EXERCISE PROMPT:
When you reach the line that contains "Требуются газорезчики с", give it back exactly along with each line after it to the end of the entries; skip any pictures.

Pictures with short captions:
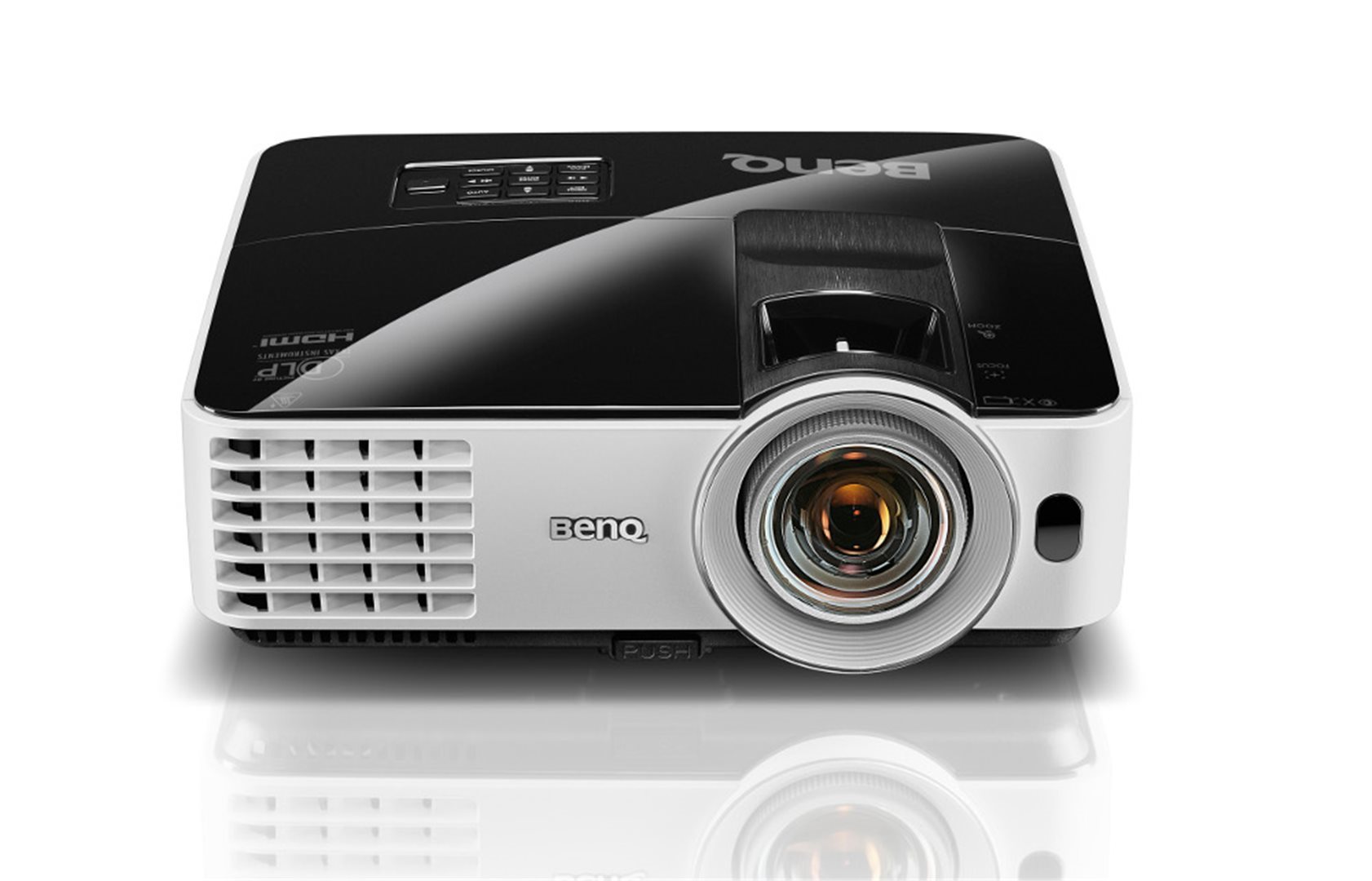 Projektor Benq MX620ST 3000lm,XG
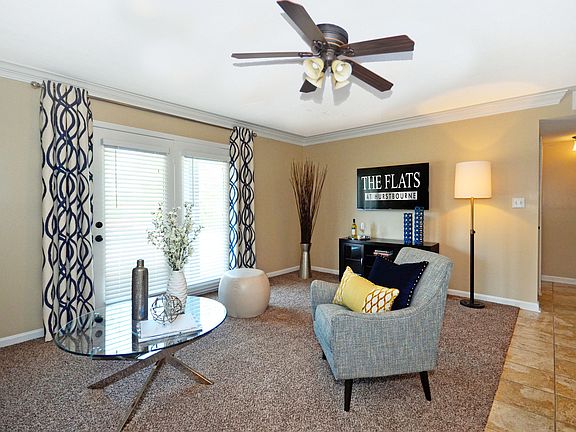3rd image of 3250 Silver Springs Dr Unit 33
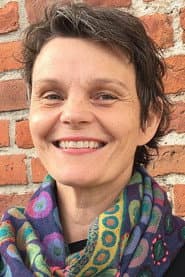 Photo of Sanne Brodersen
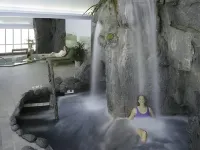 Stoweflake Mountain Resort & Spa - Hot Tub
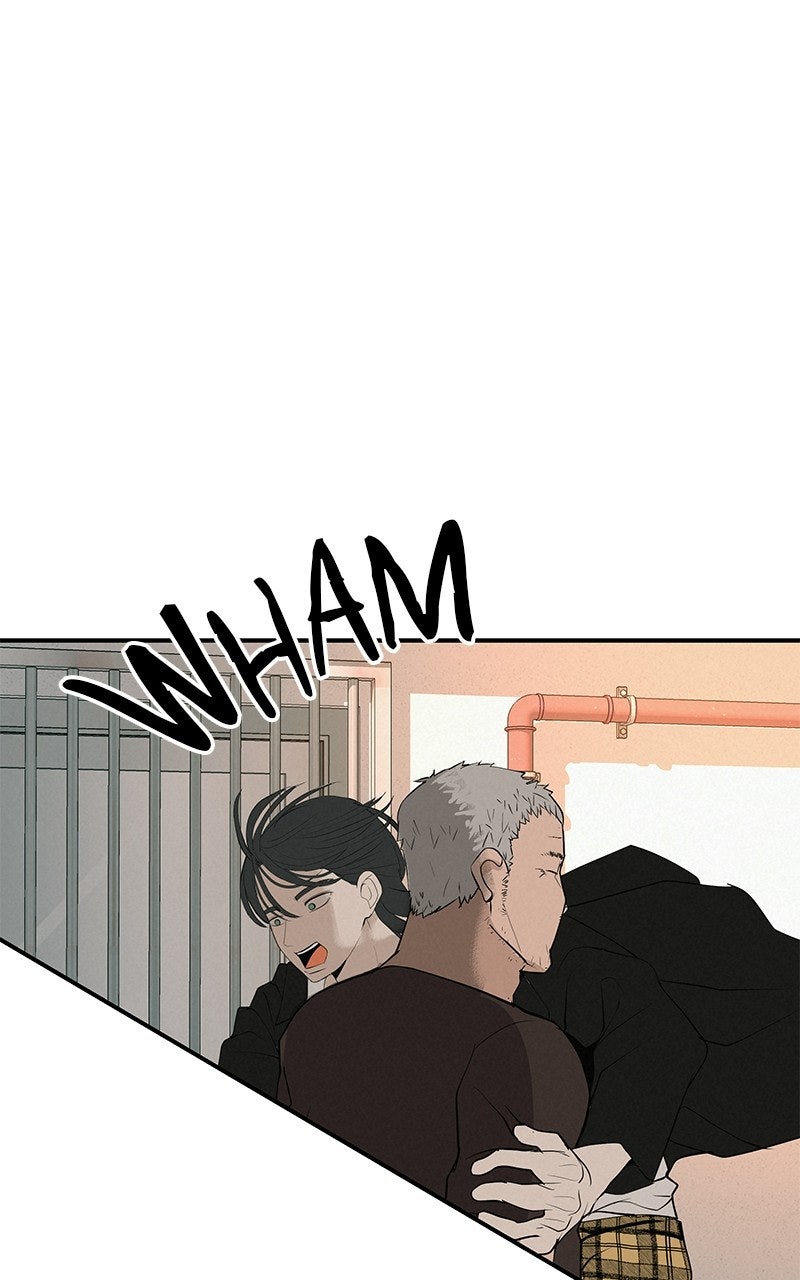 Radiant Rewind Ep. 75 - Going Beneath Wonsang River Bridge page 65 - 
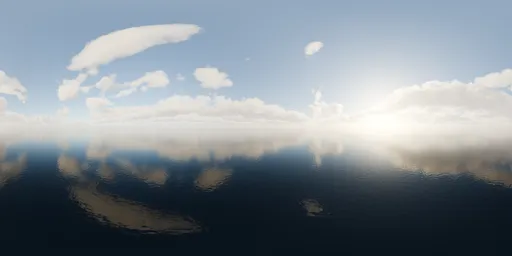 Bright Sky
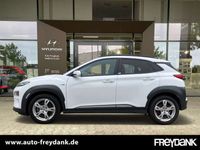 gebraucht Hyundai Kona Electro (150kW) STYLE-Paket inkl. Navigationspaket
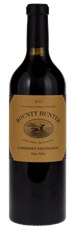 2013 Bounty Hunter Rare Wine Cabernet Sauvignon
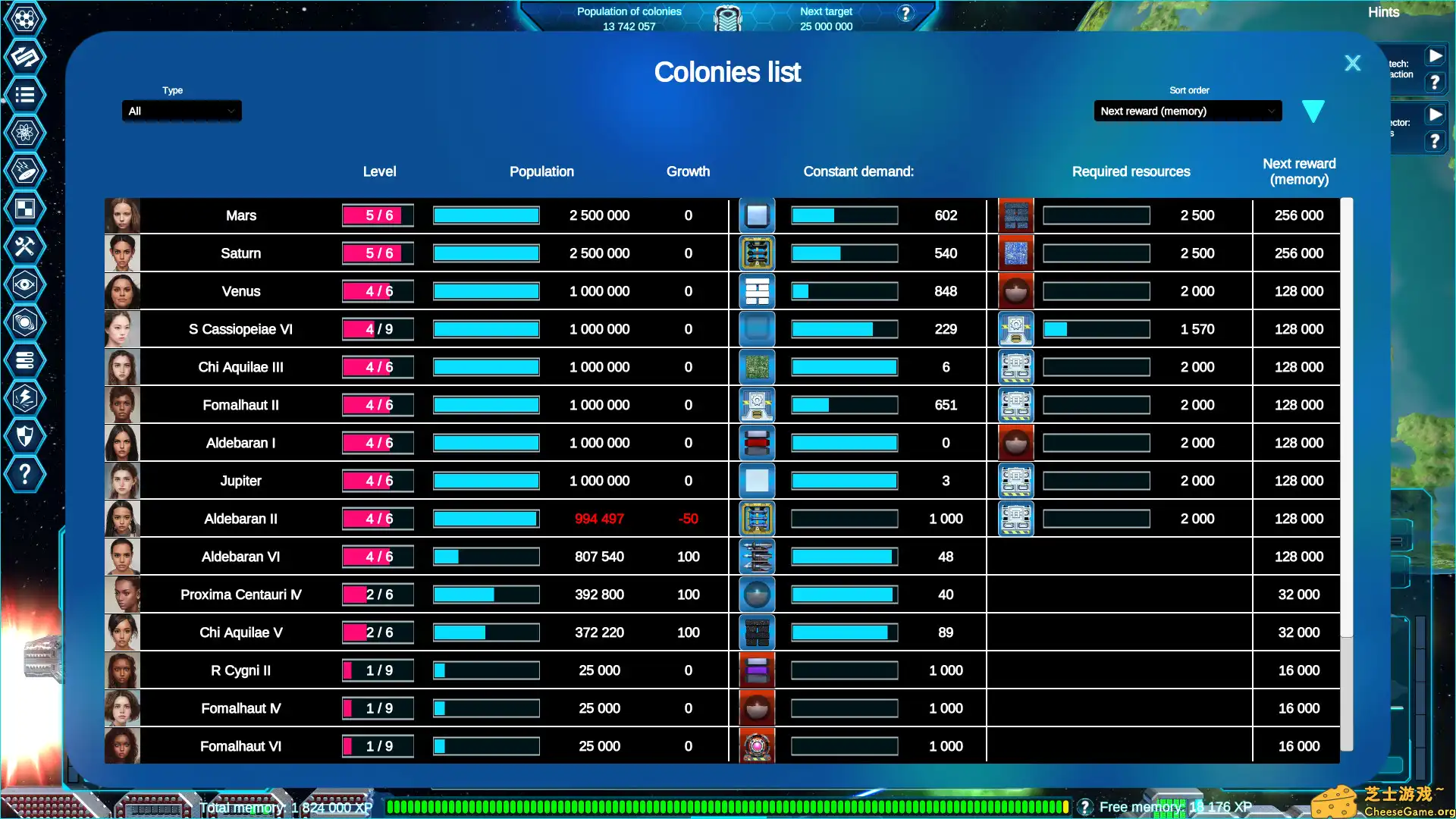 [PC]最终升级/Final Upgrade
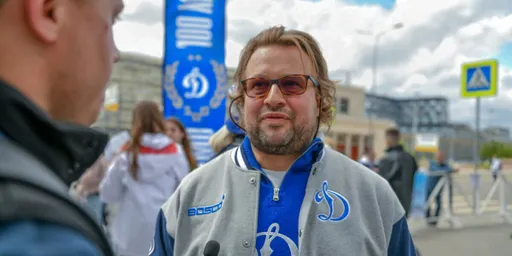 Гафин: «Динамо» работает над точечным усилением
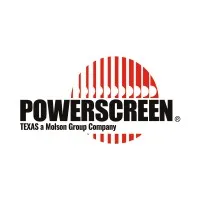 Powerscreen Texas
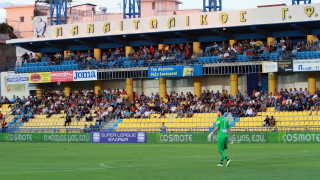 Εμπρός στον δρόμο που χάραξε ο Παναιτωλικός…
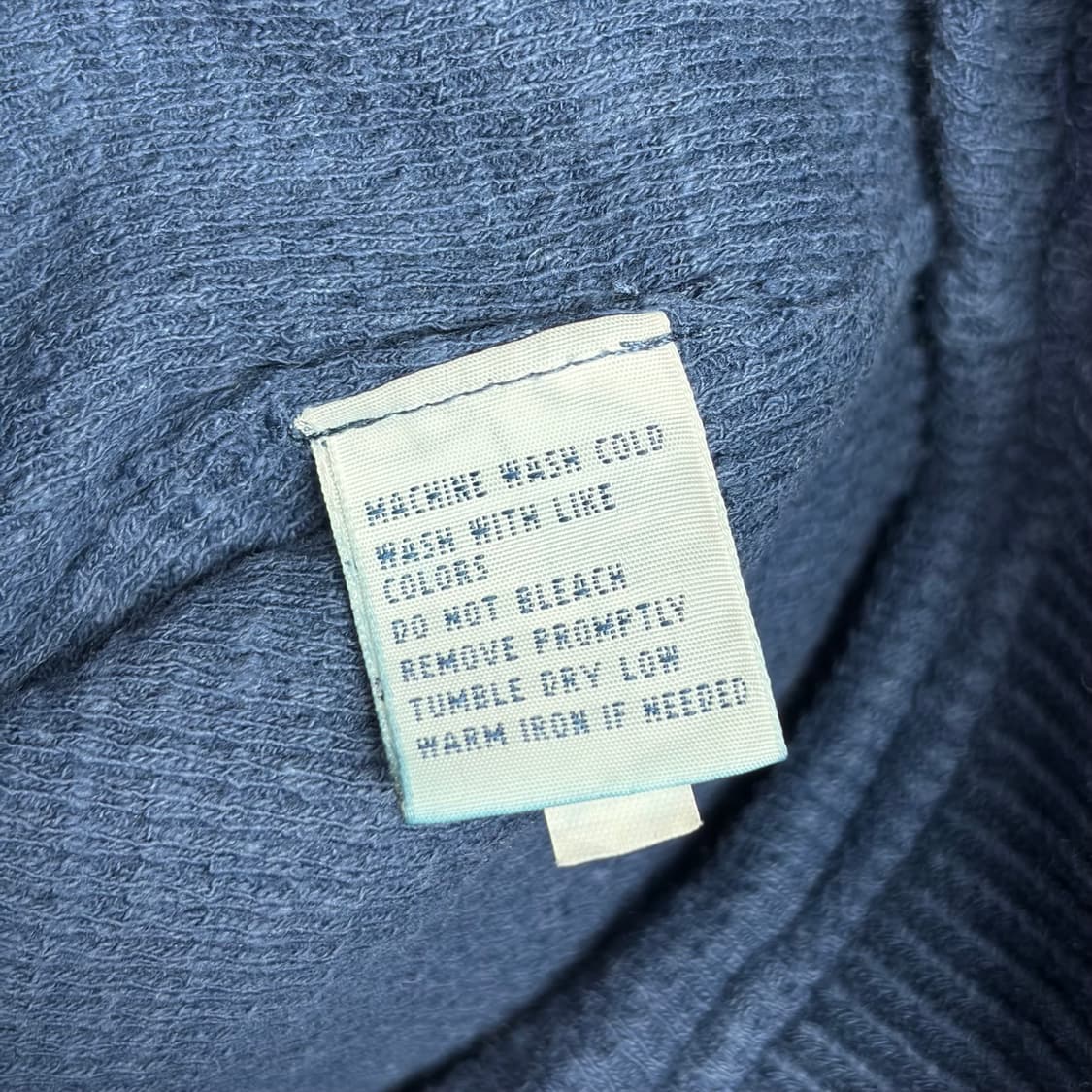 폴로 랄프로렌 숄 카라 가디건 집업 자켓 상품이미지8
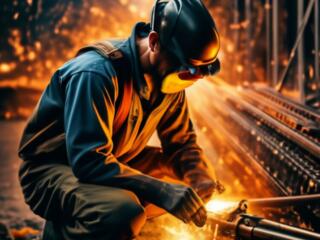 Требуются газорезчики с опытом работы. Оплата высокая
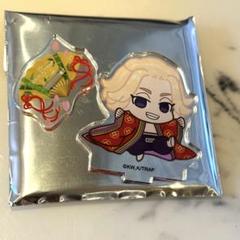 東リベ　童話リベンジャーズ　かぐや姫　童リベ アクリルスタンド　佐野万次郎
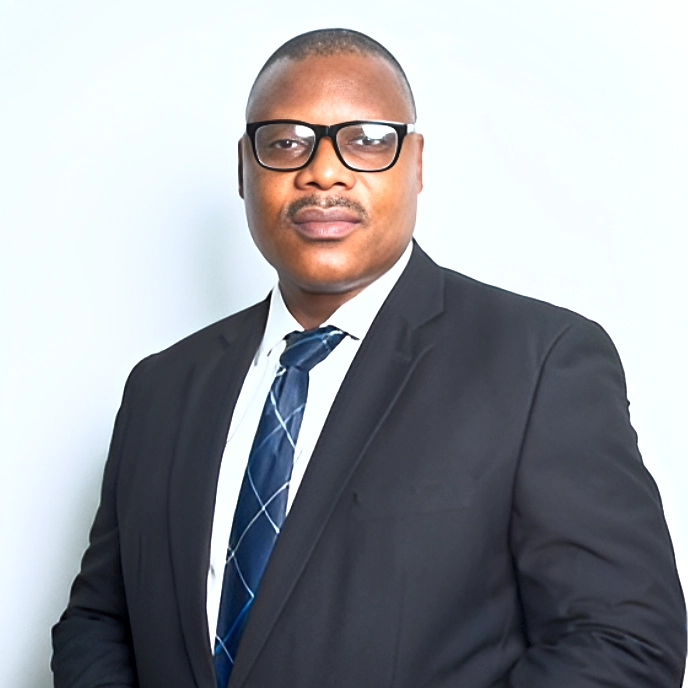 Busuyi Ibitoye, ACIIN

OUTPUT FOR THIS EXERCISE:
 Требуются газорезчики с опытом работы. Оплата высокая
 東リベ　童話リベンジャーズ　かぐや姫　童リベ アクリルスタンド　佐野万次郎
 Busuyi Ibitoye, ACIIN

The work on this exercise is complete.